Supplied records Start Marker

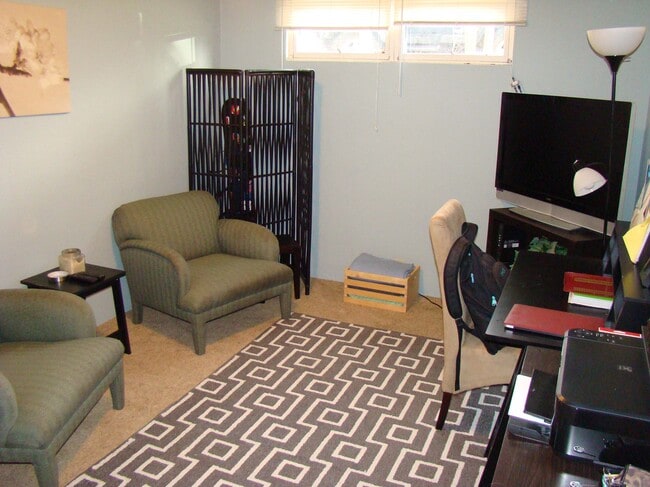 Sala de estar - 636 S Loomis Ave Unidad B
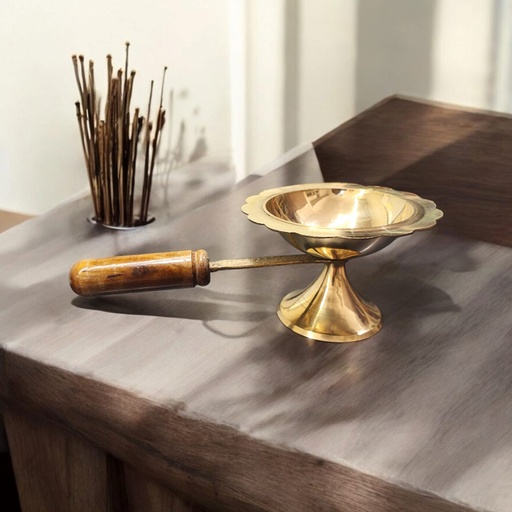 Sahumador Bronce con Manija de Madera 8 cm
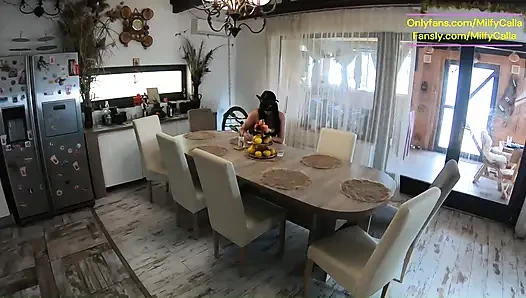 Büro-fetisch, freche sekretärin erwischt & tief blowjob unter dem schreibtisch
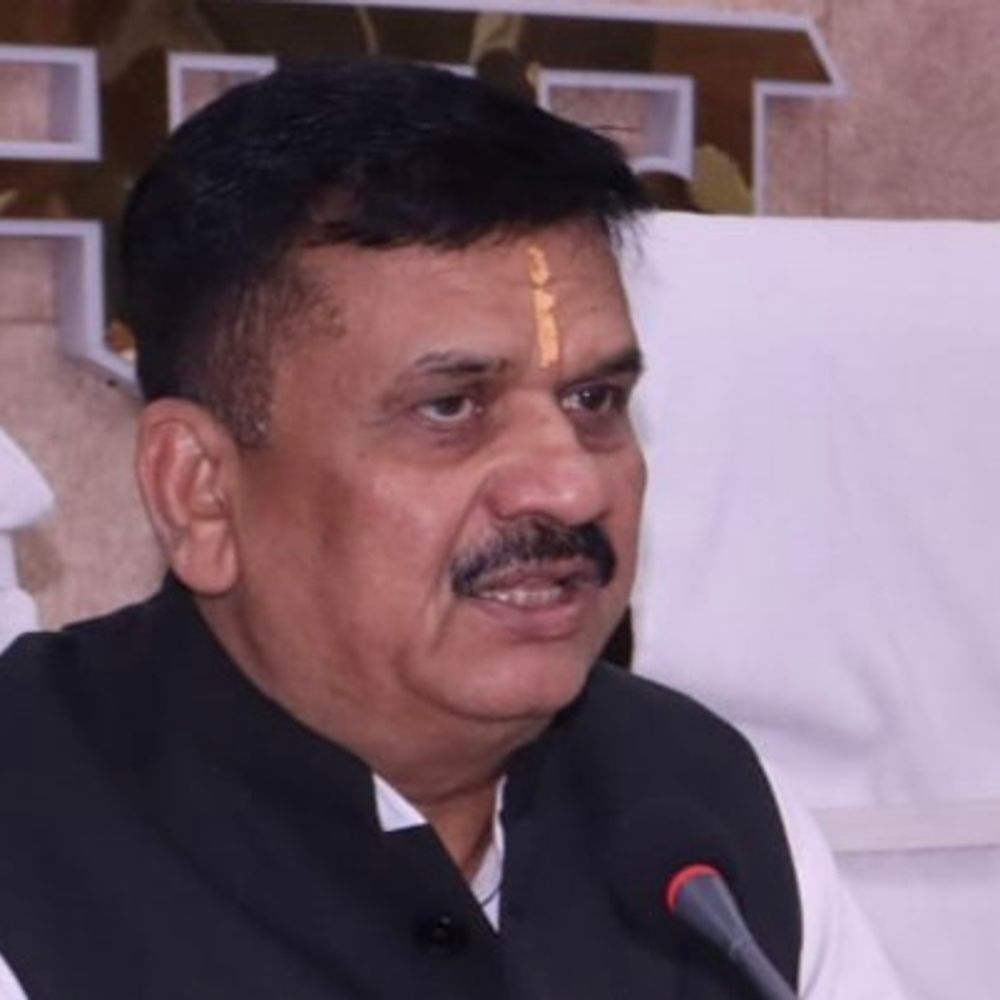 जौनपुर में वित्तीय वर्ष के अंतिम दिन 41.92 करोड़ खर्च:विभिन्न विभागों ने देर शाम तक काम किया, बैंक भी खुले रहे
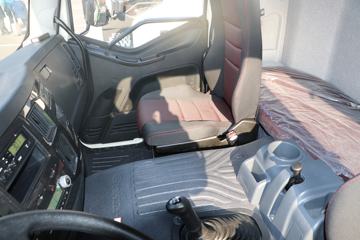 J6L  320 8X4 8賵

Supplied records End Marker

:: Your instructions ::
Output the records above character for character, but leave each image out.

:: Task solution ::
 Sala de estar - 636 S Loomis Ave Unidad B
 Sahumador Bronce con Manija de Madera 8 cm
 Büro-fetisch, freche sekretärin erwischt & tief blowjob unter dem schreibtisch
 जौनपुर में वित्तीय वर्ष के अंतिम दिन 41.92 करोड़ खर्च:विभिन्न विभागों ने देर शाम तक काम किया, बैंक भी खुले रहे
 J6L  320 8X4 8賵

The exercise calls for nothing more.